The next four hours

Eoin Landers
Eoin Landers

May 15 ∙ 4 minutes read

“What am I doing right now? I am going to spend the next four hours sharpening my axe.”

I’m a travel geek through and through. With the exception of one year as a teacher, my entire adult life has been spent working in the travel industry. The current global pandemic concerning COVID-19 is one of three major challenges in my career, the other two being the terrorist attacks in 2001 and the economic crash of 2007. 

First off, this is a terrible time for people and businesses right now. I’m based in Seattle, one of the initial areas to be affected in the US. But my most important learning from 2001 and 2007? Try not to despair, it will get better. 

President Abraham Lincoln’s quote: “Give me six hours to chop down a tree and I will spend the first four sharpening the axe,” is now very apt. We have six hours to prepare for the eventual rebound in business activity and we’re certainly using this time to start sharpening our respective axes. 

Whilst the axe you grind will invariably be different to mine, I wanted to share some tips on what can be done in the next four figurative hours:

1. Data, data, data

If data is the new oil, then think of this time as filtering your oil. 

Whether it’s your CRM data, or your spend analysis data, or even your customer data, now is a good time to make sure that data is giving you high-quality outputs. This exercise can be a huge time burden, but in order to move from making decisions based on gut instinct to data-driven, the cleaner your data, the better your decisions. 

So start updating records. If you can, spend an hour every day assessing the accuracy and accessibility of your data. The pay-off will be massive in the long run.

2. Map out your workflows

This is actually really important and rarely done. Most internal processes are clearly mapped when they are put in place: clean, simple and elegant. But then they slowly grow into unrecognisable beasts. Now could be the time to write down how things should get done in your company. 

For example, how should a salesperson place an order? How is that order documented? Or for the subjects that I know extremely well, who should approve travel? Is approval required before every booking? Who approves individual expense claims? Is it the same person who approved the travel? How does an employee get reimbursed? 

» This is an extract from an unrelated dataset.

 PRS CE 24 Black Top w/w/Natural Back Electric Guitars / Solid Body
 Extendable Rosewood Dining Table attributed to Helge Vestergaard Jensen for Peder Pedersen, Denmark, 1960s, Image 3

Taking the time to map out how things are done today will help you with the next couple of steps.

3. Encourage innovation

By now I’m sure you’ve seen the many social posts about how William Shakespeare wrote King Lear and Sir Isaac Newton invented Calculus while in quarantine. Now could be that chance for your people to come up with the next best thing in your industry. 

You may have heard of Google’s 20% cent rule. Every employee is allowed to use 20% of their time working on their own Google-related passions. Gmail, Google News and Google Maps are just a few of the not so insignificant outputs from this. 

So whilst many are still busy or placed on job retention schemes, there will also be many without the scheduling demands they are used to. Use this extra bandwidth, if you have it, coupled with a limitless imagination and a little risk to consider how you could better serve your customers and employees. 

Not all ideas will be masterpieces but some will. And the benefits to your organisation might be to the level of King Lear or Calculus. We have a few ideas brewing here at SalesTrip…

4. Get lean

This will automatically happen to some degree but with clean data, improved processes and now your creative juices flowing, you’ll be able to start to identify areas for improvement across your business. In the travel industry, there are countless examples of airlines, hotels and others, who during similar periods of severe economic disruption, enhanced their products, servicing or processes. In all of the examples that I know of, they were much better positioned when business started to thrive again – and in some notable examples, they dominated.  

Ultimately, we’re in a temporary situation. The game will resume in 6 hours. So be prepared, start sharpening your axe. You’re going to have to cut down that tree sooner rather than later, so make sure you’re ready to be successful once the game starts again. For both your customers and your people.